- Directions
Would you go through the records below and copy each line with the string "White"?
Top of Provided information
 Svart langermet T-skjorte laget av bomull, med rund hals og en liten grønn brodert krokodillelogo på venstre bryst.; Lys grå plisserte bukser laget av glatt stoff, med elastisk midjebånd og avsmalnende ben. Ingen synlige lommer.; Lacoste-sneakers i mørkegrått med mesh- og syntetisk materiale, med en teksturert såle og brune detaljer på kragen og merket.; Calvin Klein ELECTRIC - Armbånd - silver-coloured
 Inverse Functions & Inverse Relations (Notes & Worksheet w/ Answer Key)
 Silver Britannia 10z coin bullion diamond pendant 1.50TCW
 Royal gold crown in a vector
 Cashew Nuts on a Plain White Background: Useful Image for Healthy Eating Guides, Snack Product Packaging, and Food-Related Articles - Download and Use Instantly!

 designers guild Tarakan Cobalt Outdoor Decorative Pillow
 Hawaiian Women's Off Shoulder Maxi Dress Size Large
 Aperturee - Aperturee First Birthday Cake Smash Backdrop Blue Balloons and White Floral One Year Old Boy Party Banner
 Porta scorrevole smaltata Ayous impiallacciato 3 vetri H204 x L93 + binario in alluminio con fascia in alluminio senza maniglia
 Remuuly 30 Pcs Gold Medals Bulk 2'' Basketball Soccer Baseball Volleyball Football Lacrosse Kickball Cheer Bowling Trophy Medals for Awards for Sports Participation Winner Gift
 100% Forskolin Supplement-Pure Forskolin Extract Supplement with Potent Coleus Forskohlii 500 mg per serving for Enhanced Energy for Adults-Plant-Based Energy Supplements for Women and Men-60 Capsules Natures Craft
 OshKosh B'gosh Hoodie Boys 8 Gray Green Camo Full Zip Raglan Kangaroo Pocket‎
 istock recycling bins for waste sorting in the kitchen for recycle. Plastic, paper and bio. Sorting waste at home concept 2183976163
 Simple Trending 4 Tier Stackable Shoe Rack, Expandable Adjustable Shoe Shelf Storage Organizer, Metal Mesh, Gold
Bottom of Provided information
- Response to this exercise
 Cashew Nuts on a Plain White Background: Useful Image for Healthy Eating Guides, Snack Product Packaging, and Food-Related Articles - Download and Use Instantly!
 Aperturee - Aperturee First Birthday Cake Smash Backdrop Blue Balloons and White Floral One Year Old Boy Party Banner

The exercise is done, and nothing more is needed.